About this exercise → Leave every picture out and give back the lines below from the first through the line that holds "Tiêu tốn hàng", exactly as written.

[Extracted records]

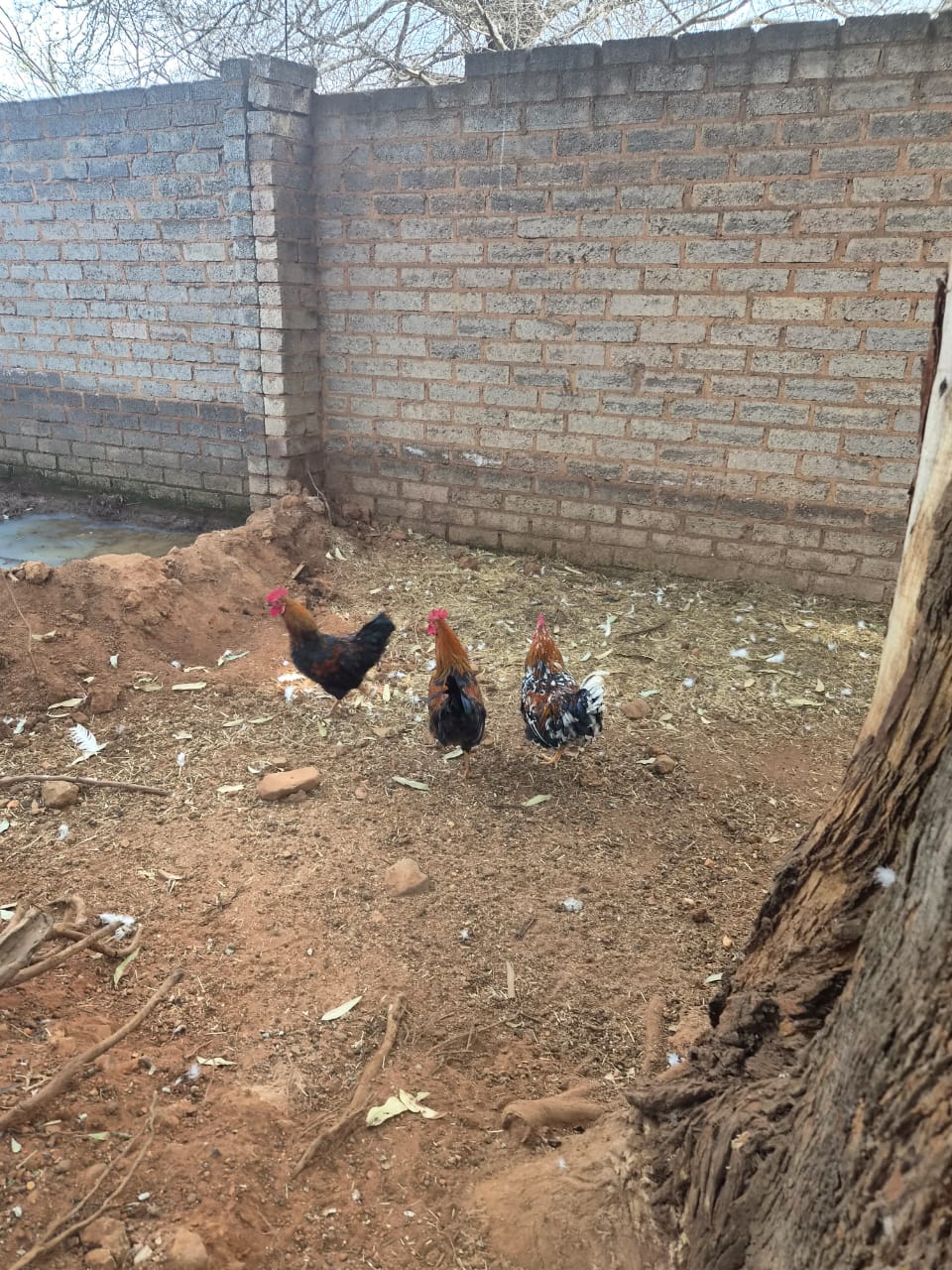 3 roosters for sale - Walkerville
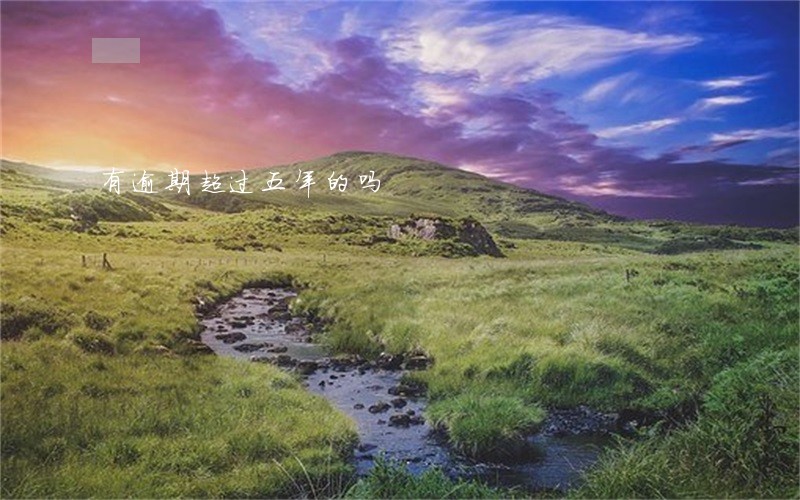 有逾期超过五年的吗 有逾期超过五年的吗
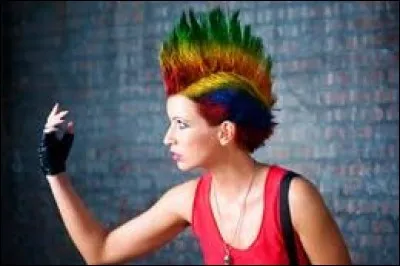 Comment s'appelle cette coiffure ?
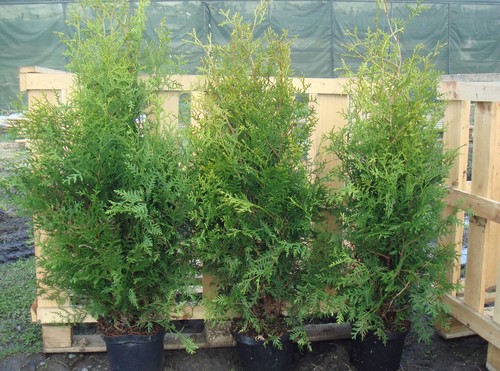 Thuja occidentalis brabant - thuja,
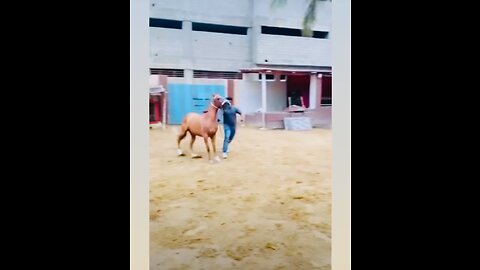 Playing With My Horse
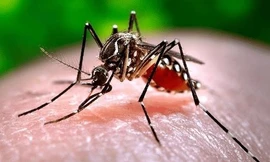 Tiêu tốn hàng trăm triệu viện phí vì sốt xuất huyết Dengue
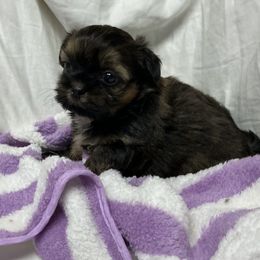 Ginger - Brindle female Shih Tzu puppy in Pleasant Shade, Tennessee from Kuntry Tyme Shih Tzus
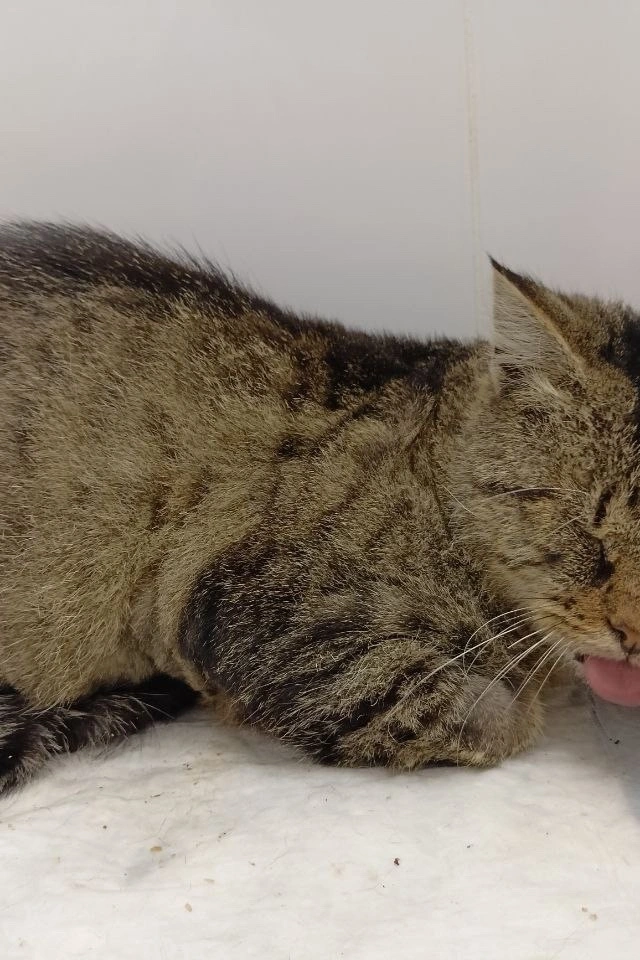 Спасение бездомного котика фото 2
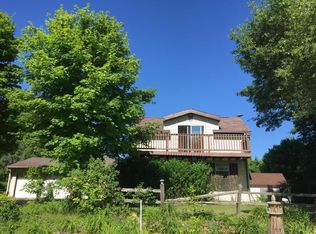 1407 N Bellamy Rd, Ionia, MI 48846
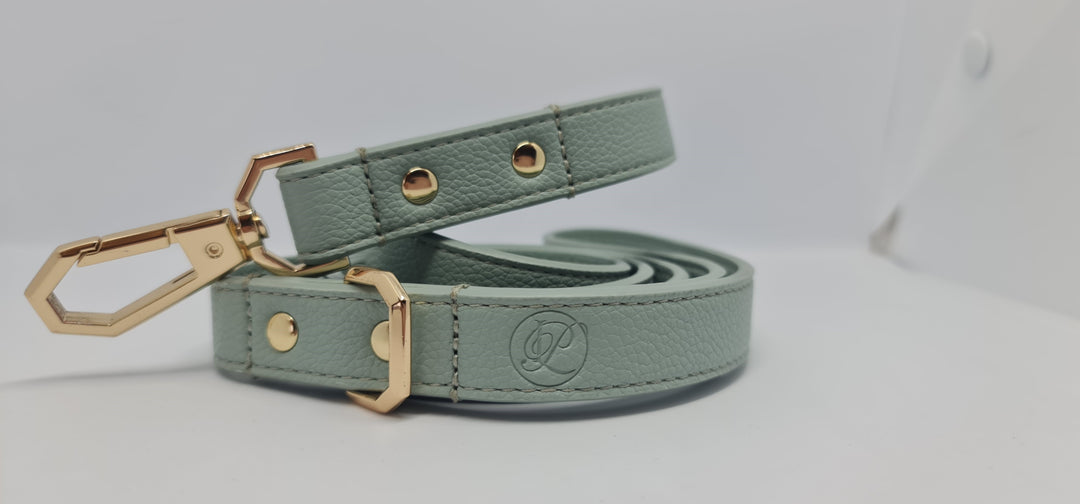 Leather Dog Leash - Sage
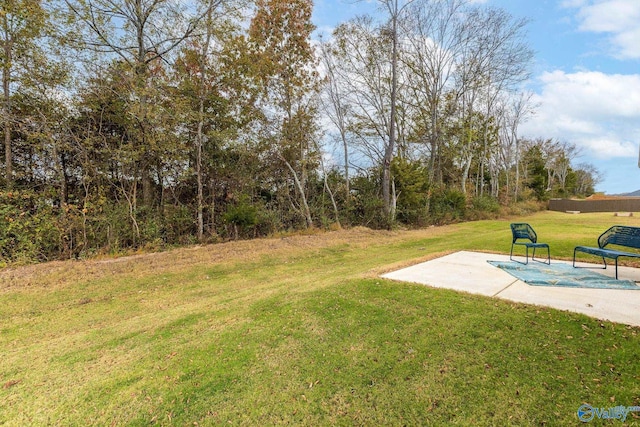 view of yard featuring a patio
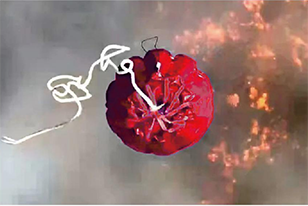 美女的隐藏部位是什么图片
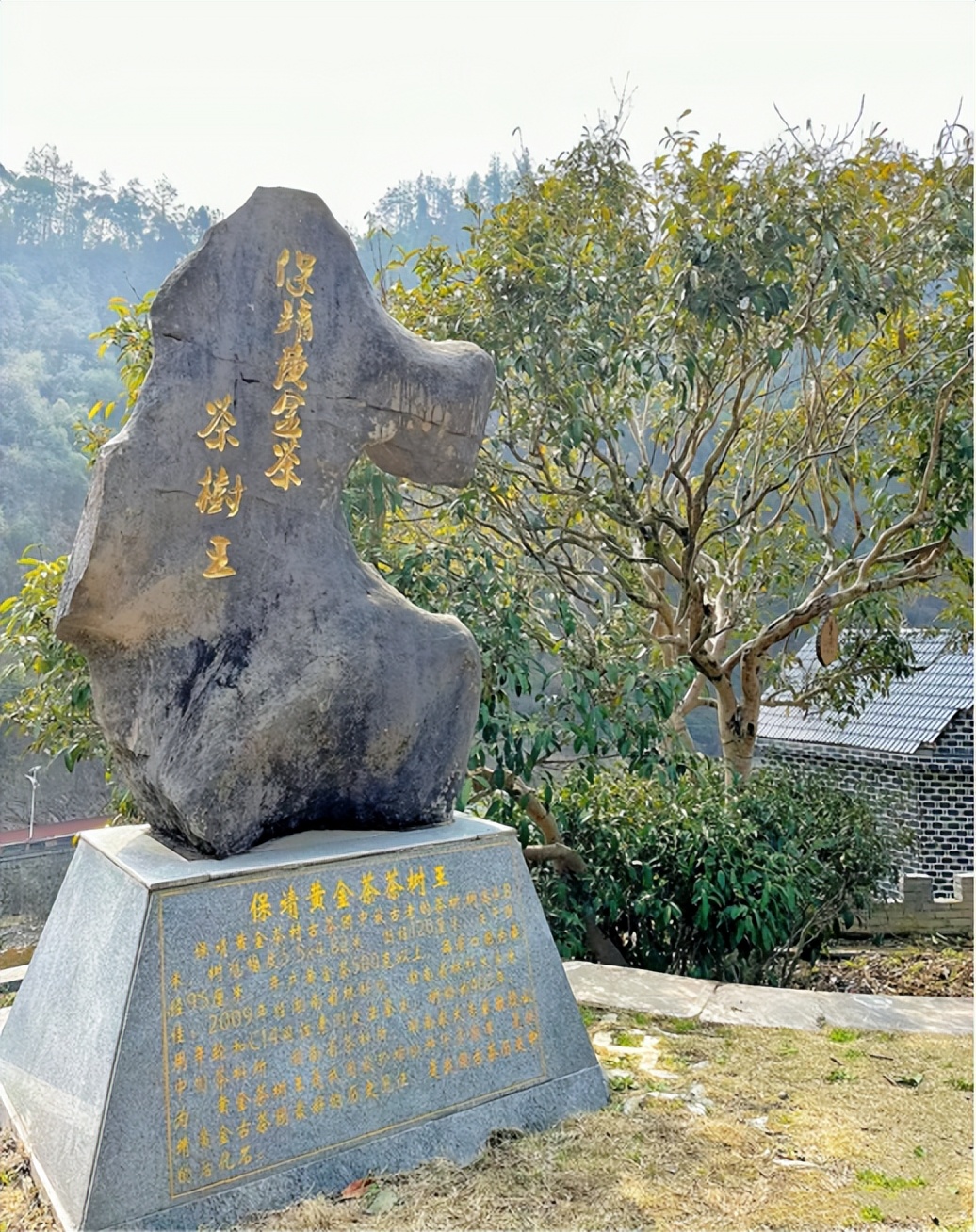 神秘湘西走个春在家吃自助烧烤,神秘湘西走个春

Output below →
 3 roosters for sale - Walkerville
 有逾期超过五年的吗 有逾期超过五年的吗
 Comment s'appelle cette coiffure ?
 Thuja occidentalis brabant - thuja,
 Playing With My Horse
 Tiêu tốn hàng trăm triệu viện phí vì sốt xuất huyết Dengue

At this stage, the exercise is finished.